4. He has 30grand in his bank account but he refuses to buy new furniture, he has got a couch that is 20years old with holes in it and the same with lots of other items that are old or not working well and he will refuse to buy new items but is insisting on buying a car that we dont need. 

5. He is constantly saying he wants a holiday and wants to travel overseas and has plenty of money to do so but will refuse to go. He holds a grudge against me because he had planned on using his savings and taking off to travel all around the world and work overseas on a visa for two or more years however less than 6 months before he intended to take off overseas he met me, fell in love and decided not to go. I told him when we met that if thats what he wanted I would support that but I would not go with him as that is not what I want and feel comfortable with. He chose me yet constantly complains that he hasnt gone overseas. I have given him lots of options and choices and encouraged him to travel, I have even said he can go for a month or two if thats what he wants, I really dont mind. I want him to be happy but he says he wont go without me, I dont want to go, I have a job, security and stability here and am not that interested in going the places he wants to go.
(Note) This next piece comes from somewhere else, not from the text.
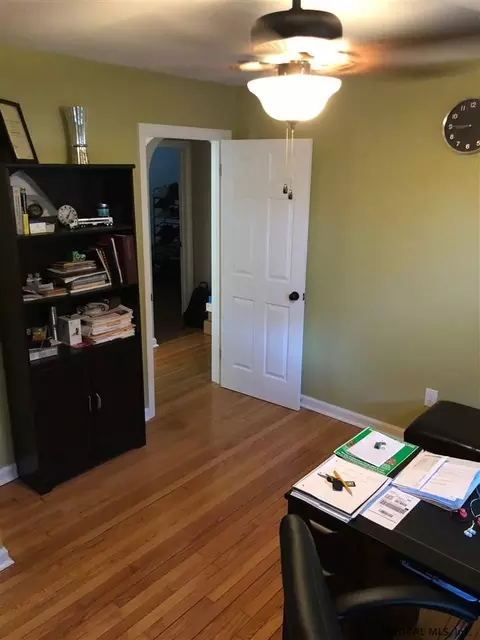 741 Decamp Ave, Schenectady, NY 12309 photo 23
As I mentioned before, he is refusing to go and says "it's too expensive to go for a week or a month, I want to move there, I'm not wasting my money for a week or a month". Sorry, but what the hell? It's his dream to go overseas, wouldnt going for a week or a month be better than not going at all?

6. Since I gained employment I have found I am now paying for just about everything, bills, food and anything else like movies or activities we do together. He is quite happy staying at home all weekend and often has to be begged to go out and his excuse most of the time is "it's too expensive". If we do go out it is often if I say "I will pay". Another thing he always insists on is asking everybody else for things, other people to bring food or asking his parents or friends for a lift, even if it means the person going out of their way. I am quite happy to pay for a taxi but he always insists on calling someone else. He is also quite happy to refuse to go out with me because "it's too expensive" yet whilst I am at work one night he went out with his mates, catching a taxi to and from the event and also spent $200 on the same night, drinking and partying with his mates?!

7. In regards to the above comment, we have an arrangement where we take turns paying groceries, I pay one week he pays the next. whenever I ask him to use his money to pay he will question me, why is it so expensive? or didnt i pay last week? and will then insist on checking his bank account to see when was the last time he gave me money for groceries.

8. when I was unemployed if I ever needed anything I practically had to beg to get it. I sprained my ankle at one point and needed crutches yet he told me "im sure it's not that bad, just walk on it". I had to beg him to take me to the physio and the physio confirmed I needed crutches. He then complained about how much it cost to hire crutches.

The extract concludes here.